第二日一早,在若梅的坚持下,举行了简单的认亲仪式。陈爷陈奶穿上了由我妻子和若梅专门到街上买来的新衣服,我和许老师又陪着陈爷去理了发、剃了胡子。然后,俩个老人端坐于上方,若梅许老师虔诚地跪在二位老人面前,诚诚心心地磕了头,郑重地叫了:“爸”、“妈”!而这一声久违了的称呼,再次令老俩口儿老泪纵横百感交集!陈爷陈奶觉得,他(她)们心中那片早已冻僵了的、荒草丛生的地块儿,如同吹进了一丝暖暖的风儿,飘进了几星润润的雨点儿一般!两位古稀之年的老人,不由感慨万端哽咽不已!
转眼之间,三天已过去了。
这天,若梅俩口子和倩倩终于要离去了。我们七个人打的,到了位于东门大桥处的汽车站,又因倩倩,出了点儿意外。说是意外,似乎也不算是在料想之外吧!当倩倩在妈妈的怀抱中高高兴兴地上了车,才发现爷爷奶奶没有上来,就马上跑下去,一头扑进爷爷的怀里又哭又叫的。爷爷让她上车,她只是一个劲儿的哭,不肯上车。一双小手儿,还紧紧地抱住爷爷的脖子。妈妈从车上下来,我们几个人都无法把倩倩从爷爷的怀里弄下来。硬拉又不行,哄她、劝她,她根本不听,只用急促的哭声回应我们的焦急与不安。司机等得不耐烦了,就一个劲儿地打喇叭。但车上的乘客全都眼睁睁地看着这个揪心的场面,没有一个人嚷嚷什么。加上许老师向车上的乘客与司机好言相求,司机也正好作罢,就开始静静地等了。连一向在后面卡尺等寸的紧盯着时间、排队等待的下一班的班车,也静静地等着。倩倩哭了一阵又回过头来找妈妈,见妈妈就站在爷爷的旁边,就松开爷爷,一头扑进妈妈的怀中,又紧紧地抱住妈妈的脖子。少顷,当妈妈试图上车的时候,倩倩又转过身来,大哭着扑进奶奶的怀里。如此三翻,若梅只得狠狠心,硬将倩倩抱了上去!
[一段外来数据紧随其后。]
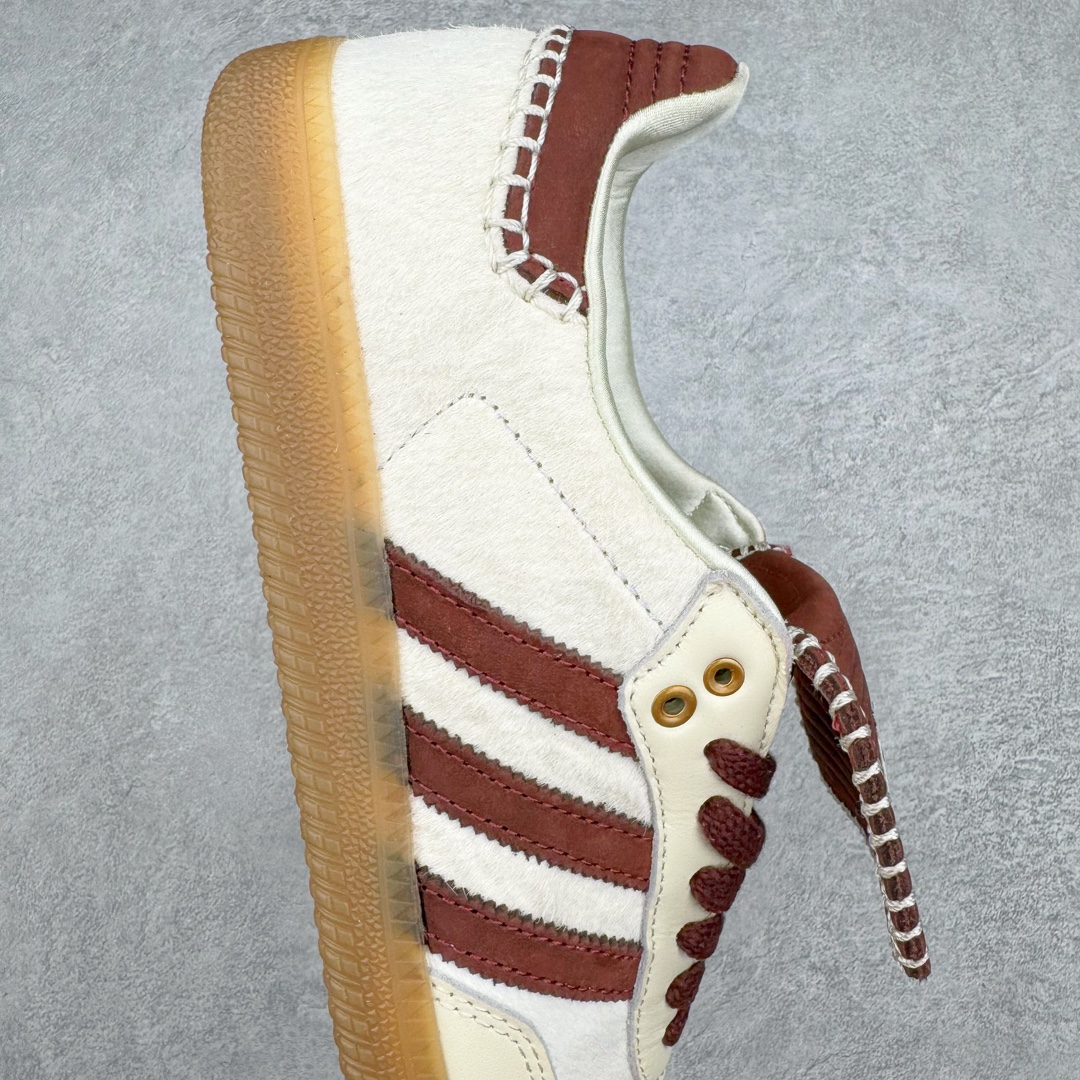 图片[6]-＃S2纯原 Wales Bonner x AD Originals Samba Classic 桑巴舞系列绅士德训足球风百搭低帮休闲运动板鞋 马毛白酒红 IE0586 目前市面最强版本 正确细节皮料 伦敦时装品牌 Wales Bonner 携手Originals 打造 2022 最新春夏联名系列。本次为双方的第四度合作，灵感汲取了设计师 Grace Wales Bonner 对于 70、80 年代 Burkina Faso 音乐、摄影方面的研究，选择 Country 与 Samba 两双经典鞋款进行打造。随着 SAMBA 热风的不断席卷，不少品牌与 adidas Originals 的例行合作款式也逐渐受人关注。目前已经曝光两款全新合作鞋款的 Wales Bonner 如今再度曝光一款全新配色 SAMBA 联名。此次合作款式主打亮银反光配色，丝线编织三道杠以及加长鞋舌设计，想必穿着起来回头率也是不低！尺码：35⅔ 36 36⅔ 37⅓ 38 38⅔ 39⅓ 40 40⅔ 41⅓ 42 42⅔ 43⅓ 44 44⅔ 45-选品中心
班车终于缓缓开走了,拉走了满满的一车哭声和眼泪!我和妻子,随着陈爷陈奶踉踉跄跄的脚步,目送着渐渐远去车子。直到班车驶过彩虹门,驶过东门大桥,然后向南调头,沿着跃进渠疾驰而去。我和妻子将仍在悲泣中的陈爷陈奶老俩口儿送回了家。而晚上,我再一次接到了母亲的电话,说父亲感冒了,咳嗽得很厉害。我又如往常那样,立马背起包,在这冬日的夜色越来越浓的黄昏,乘着发往乡下的最后一班车,急匆匆地向老家奔去。
二零零六年,我的大儿子上了大学。二零零七年,我的父亲去世。二零零八年,我的小儿子也到远方去求学。二零零九年,我和妻子告别故乡,带着已患病的母亲,经若梅亲戚的介绍,来到了遥远的额济纳。在位于梭梭井的一家铜铁选矿厂里干会计。从此,我的人生又在他乡,翻开了新的、也是平凡又平常的一页。二零零九年八月,母亲去世,在故乡安葬了母亲之后,我和妻子又重返额济纳,继续干我的老本行。至今日,六个年头过去了。而且,自从安葬母亲之后,我一直没能再回故乡,也从未见过倩倩一家。当然,在电话中,我知道了若梅俩口子及陈爷陈奶的生活状况。就在我安葬了母亲的那年秋天,若梅俩口子将陈爷陈奶接到了凉州。从此,倩倩、若梅、许老师、陈爷、陈奶五个人,就生活在了一起。而我,从此就在额济纳这片广袤的土地上安顿了下来。尽管在漫漫长夜的无数个梦里,我的魂灵仍在故乡的田野、村落里,在镇子里供销社曾经熟悉的门市部里、栏柜间,在县城那局促的巷子里徘徊、游荡。所有的亲人、同学、朋友、及曾经的同事、邻居们的音容笑貌,就一次次、一次次地出现在那涟涟泪水中!